Raster data are the backbone of most geospatial analysis workflows. They encode continuous or categorical phenomena as regular grids of cell values, allowing mathematical, statistical, and spatial operations to be applied efficiently across an entire landscape. Whitebox Workflows for Python (WbW-Py) provides an extensive raster processing toolkit covering basic arithmetic, focal and zonal statistics, reclassification, resampling, interpolation, proximity analysis, morphological operations, and raster-to-vector conversion.


Core Concepts

Raster analysis requires understanding these fundamental terms:

  • Cell (pixel): The smallest unit of a raster. Each cell stores a single value (integer or floating-point) and has a uniform spatial extent (e.g. 10 m × 10 m).
  • Data type: Integer (Int8, Int16, Int32) for categorical data; Float32 or Float64 for continuous measurements. Data type affects precision, file size, and computation speed.
  • NoData value: Sentinel value representing missing or invalid data (e.g. -9999 or NaN). Critical for masking water, clouds, or invalid measurements in focal operations.
  • Spatial reference (CRS): Coordinate system and projection. Mismatched CRS between rasters causes silent misalignment; always verify before overlay operations.
  • Extent: The bounding box (xmin, ymin, xmax, ymax) of the raster in real-world coordinates.
  • Cell size (resolution): Cell width and height in map units. Coarser resolution is faster but loses detail; finer resolution requires more memory and computation.
  • Focal operation: Uses neighbourhood values (e.g. 3×3 kernel) to compute output. Examples: moving average, Sobel edge detection, local extrema.
  • Zonal operation: Aggregates grid values by zone (polygon or categorical layer). Examples: mean by land-cover class, sum by administrative boundary.
  • Reclassification: Reassigning cell values according to lookup rules. Common for categorizing continuous data (e.g. slope classes) or remapping land-cover codes.
  • Resampling: Changing cell size or alignment. Methods: nearest-neighbour (preserves categories), bilinear (smooth), cubic (smoother).
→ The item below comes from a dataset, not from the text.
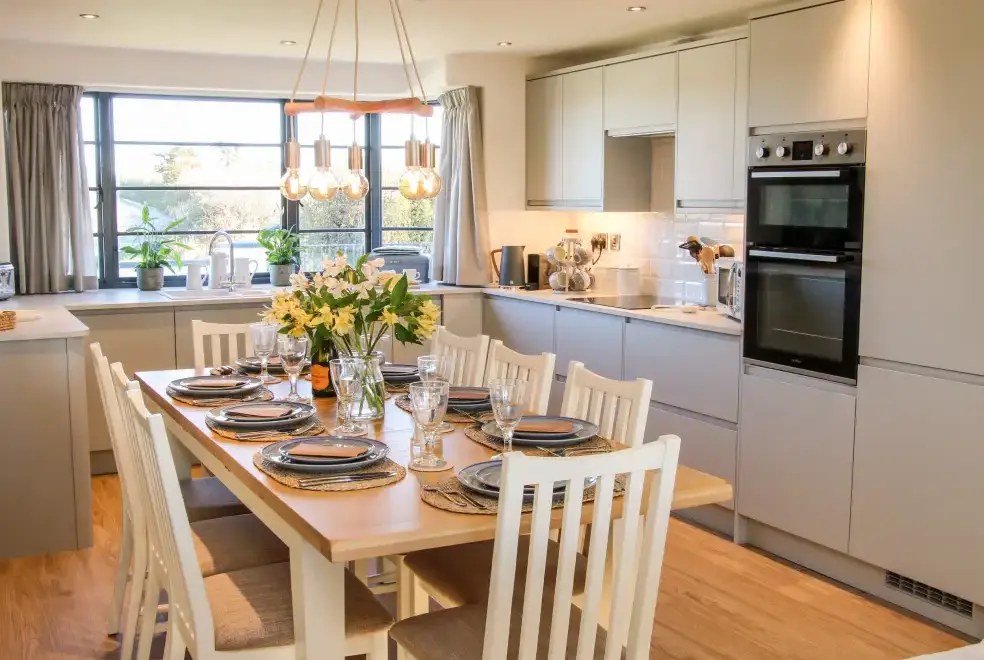 Kitchen/diner at Forrester House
Reading and Writing Rasters

Every raster workflow begins with reading data into memory:

import whitebox_workflows as wbw

wbe = wbw.WbEnvironment()
wbe.working_directory = '/data/rasters'
wbe.verbose = True

dem = wbe.read_raster('dem.tif')
landcover = wbe.read_raster('landcover.tif')
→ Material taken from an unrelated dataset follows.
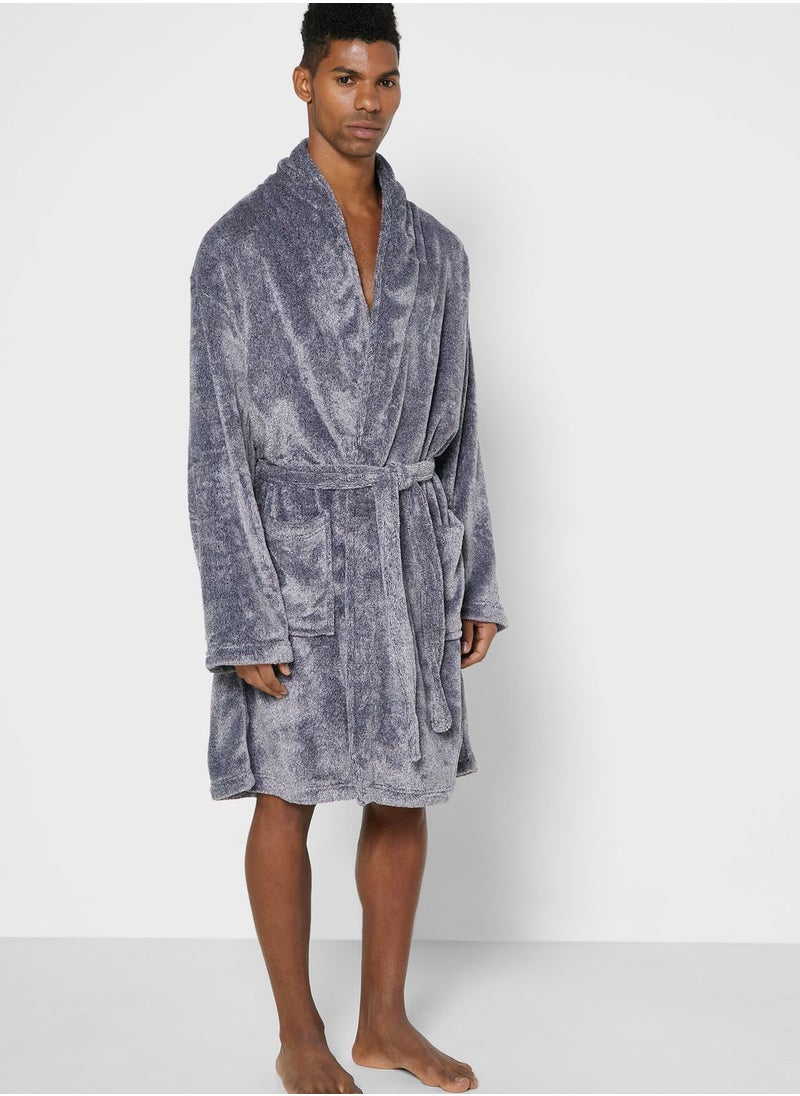Seventy Five - Fleece Robe - Image 1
# Read multiple files at once — returns a list
[slope_r, aspect_r, curvature_r] = wbe.read_rasters('slope.tif',
                                                      'aspect.tif',
                                                      'curvature.tif')

Write results with optional LZW compression (recommended for floating-point grids):

wbe.write_raster(dem, 'dem_processed.tif', compress=True)

Printing GeoTIFF Metadata

Inspect the spatial reference and encoding of any GeoTIFF:

wbe.raster.general.print_geotiff_tags(dem)

Creating New Rasters

Use new_raster() or new_raster_from_base_raster() to create blank grids for accumulation or custom calculations:

# Create a raster with the same extent and resolution as the DEM, filled with 0
output = wbe.conversion.raster_vector_conversion.new_raster_from_base_raster(base=dem, initial_value=0.0)
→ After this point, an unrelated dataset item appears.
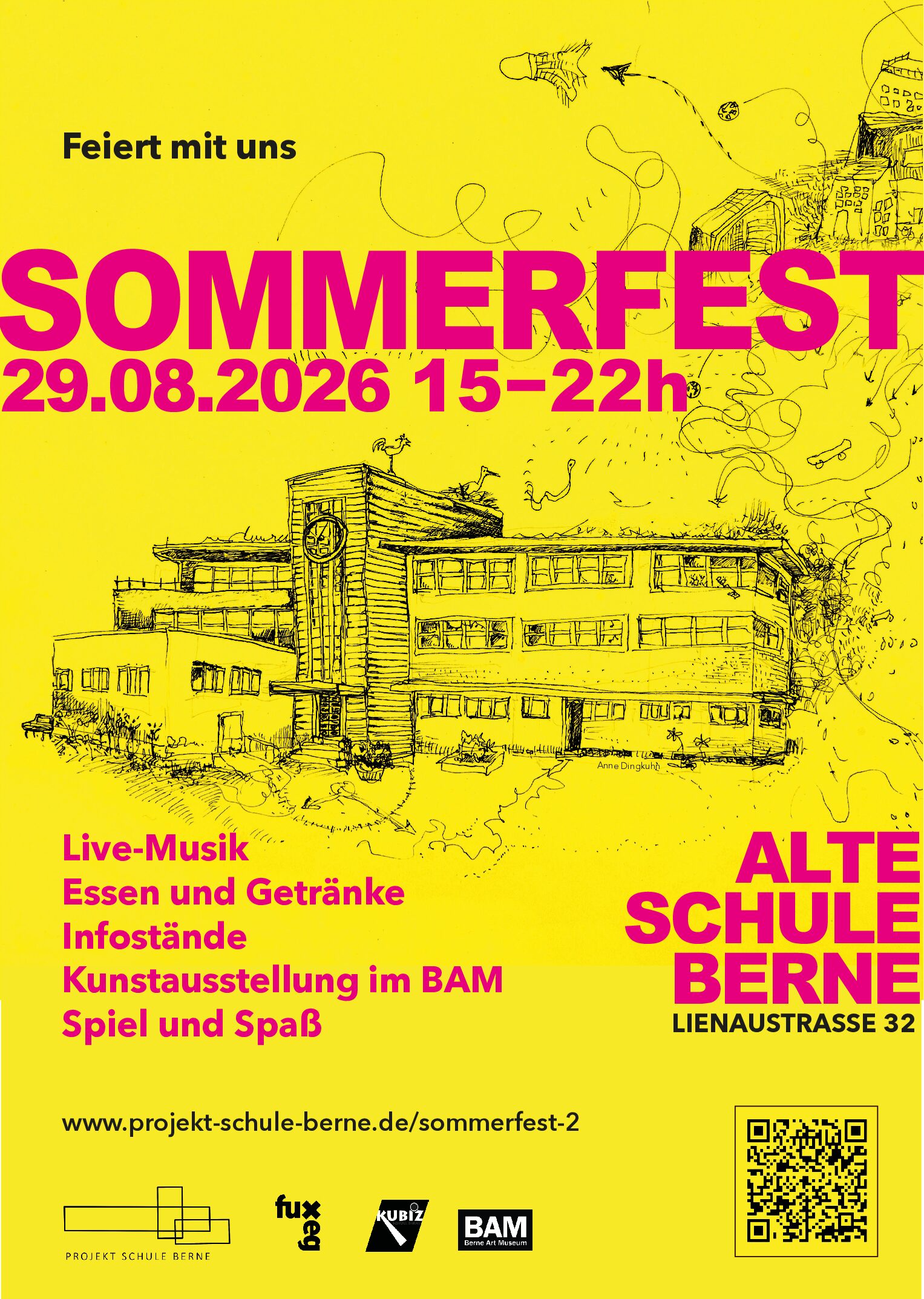 Einladung zu unserem Sommerfest 2026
# Iterate cell-by-cell (illustrative; use raster_calculator for large grids)
for row in range(dem.configs.rows):
    for col in range(dem.configs.columns):
        val = dem[row, col]
        if val != dem.configs.nodata:
            output[row, col] = val * 0.001  # convert mm to m

For most cell-by-cell transforms, raster_calculator() is many times faster because it operates in compiled Rust without Python loop overhead.


Raster Calculator

raster_calculator() evaluates an expression string against one or more input rasters. Rasters are referenced by quoted variable names whose order must match the input_rasters list:

# Scale DEM from centimetres to metres
dem_m = wbe.raster.general.raster_calculator("'dem' / 100.0", [dem])

# Compute HAND (height above nearest drainage) from DEM and stream mask
hand_expr = "if('stream' > 0.0, 0.0, 'dem' - 'stream_elev')"
hand = wbe.raster.general.raster_calculator(hand_expr, [stream_raster, dem, stream_elev])

The expression supports:

  • Arithmetic operators: +, -, *, /, ^ (power), % (modulo)
  • Comparison operators: <, >, <=, >=, ==, !=
  • Logical operators: &&, ||, !
  • Mathematical functions: sqrt(), abs(), ln(), log(), exp(), sin(), cos(), tan(), atan(), atan2()
  • Conditional expression: if(condition, true_value, false_value)
  • Special tokens: nodata, null, rows, columns, row, column, cellsize, north, south, east, west

Practical Examples

# Mask out NoData and values below sea level
masked = wbe.raster.general.raster_calculator(
    "if('dem' == nodata || 'dem' < 0.0, nodata, 'dem')",
    [dem]
)

# Compute normalised slope (0–1)
slope = wbe.terrain.derivatives.slope(dem)
slope_norm = wbe.raster.general.raster_calculator(
    "'slope' / maxvalue",
    [slope]
)

# Create binary mask for steep slopes (>30°)
steep = wbe.raster.general.raster_calculator("if('slope' > 30.0, 1.0, 0.0)", [slope])

Reclassification

Reclassification converts continuous values into categorical classes, or remaps existing category codes.

Manual Reclassification

# reclass() takes new_value, min, max triplets
# Format: [[new_val, min_exclusive, max_inclusive], ...]
# Reclassify slope into five morphology classes
slope_class = wbe.raster.reclass_mask.reclass(
    raster=slope,
    reclass_vals=[
        [1, 0, 5],      # flat: 0–5°
        [2, 5, 15],     # gentle: 5–15°
        [3, 15, 30],    # moderate: 15–30°
        [4, 30, 45],    # steep: 30–45°
        [5, 45, 90],    # very steep: >45°
    ]
)
wbe.write_raster(slope_class, 'slope_classes.tif')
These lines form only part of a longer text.